Despite the fact that many people felt when Chris joined that he would eventually take over the band, he seems to be content to play a lower key role, contributing heavily to song writing but leaving the spotlight to Mick, who has nothing but good things to say about the way they work together. For a rhythm section they got the New Christs' Mark Kingsmill (drums) and Tony Robertson again. In October, Kingsmill left to join the Hoodoo Gurus for the first US tour, and Chris Welsh sat in. This only held up until December, when Welsh and Robertson left and were replaced by Michael Charles (once again) and Bob Wackley (formerly of Brisbane punk group, Razar) on bass. With this line up the Screaming Tribesmen finally stabilized and subsquently created their best recordings.

The finest of these was their classic Citadel 4 track mini-lp A Date With A Vampyre. The title track of this record features a crunching riff that hooks hard over the top of a stuttering drumbeat and is one of the great songs of the mid 80s. The other 3 tracks aren't quite as strong, but the overall effect is good enough to make this record one of the indisposable classics of the period along with things like the Eastern Dark's Long Live The New Flesh, Died Pretty's Next To Nothing, or the Lime Spider's Slave Girl. A Date With A Vampyre was licensed overseas as well, and in France the band was popular enough for the Sonics label to release the first two Citadel 7" singles (with different sleeves), although I have heard it alleged that these are not legitimate licences, but are instead high quality bootlegs.

In 1986 the band broke from Citadel and released the 6 track Top Of The Town mini-lp, which moved them strongly toward a mainstream pop-rock sound. The production of this record took some amount of heat in Australia for being too soft, but Medew stands by the record and says he wouldn't change anything about it.
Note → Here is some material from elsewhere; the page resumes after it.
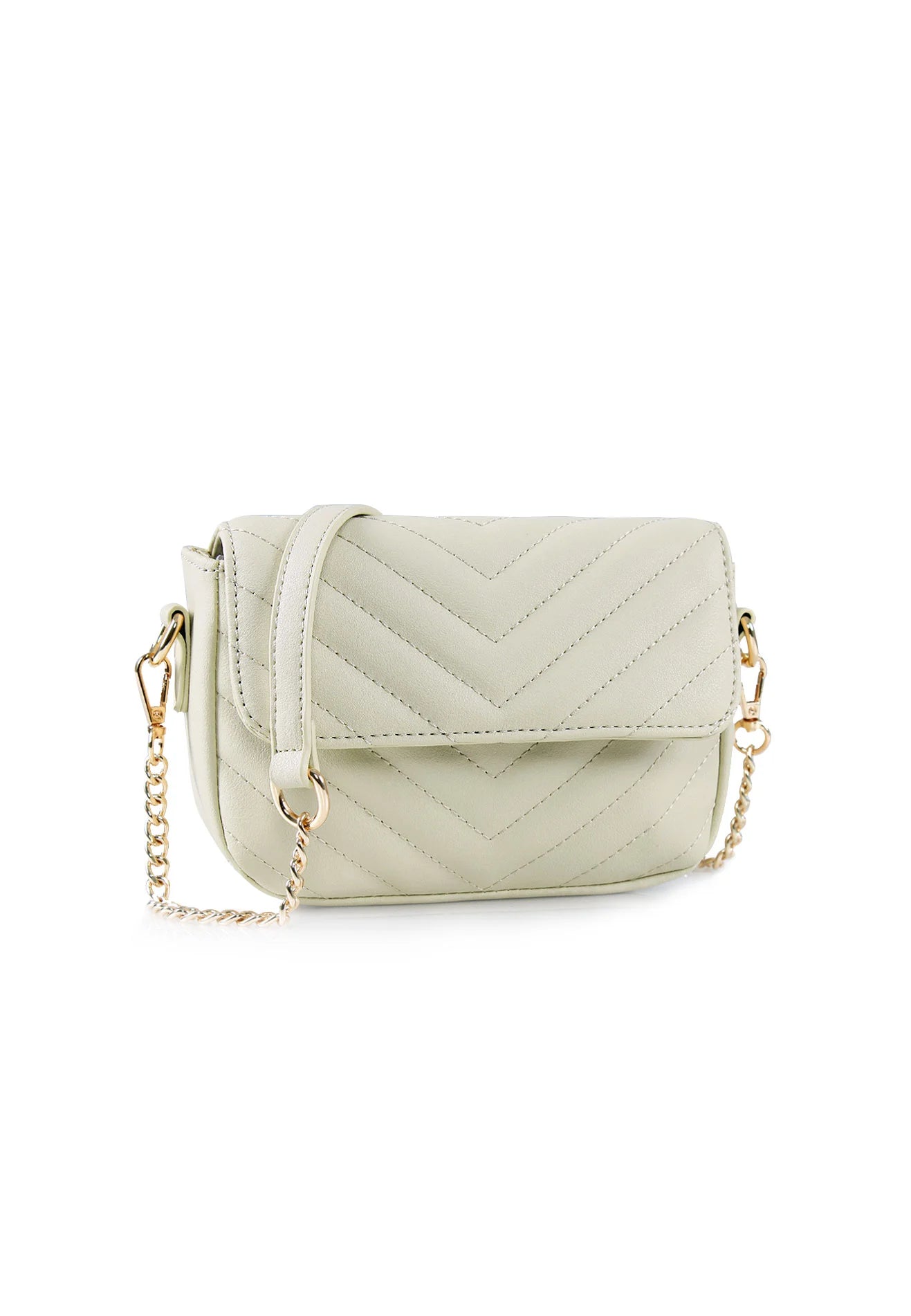 VOIR Signature Soft Chevron Leather Sling Bag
The band is now touring on the strength of their current lp, Bones and Flowers, which at this writing has been out in Australia for almost exactly a year. If you've heard the single "I Got A Feeling", you are likely to have been put off by the arena-rock treatment they give the song, but if you listen closely, you can hear the usual brilliant guitar line basis that the Tribesmen use for most of their best songs. Medew insists that this is not done by design; he doesn't try to work out a great riff and build a song around it. "The songs just happen". Much the same explanation he has for the development of the band's sound. The way they sound today is not a sound they've been trying to achieve for years, it just happened to turn out this way, and they like it.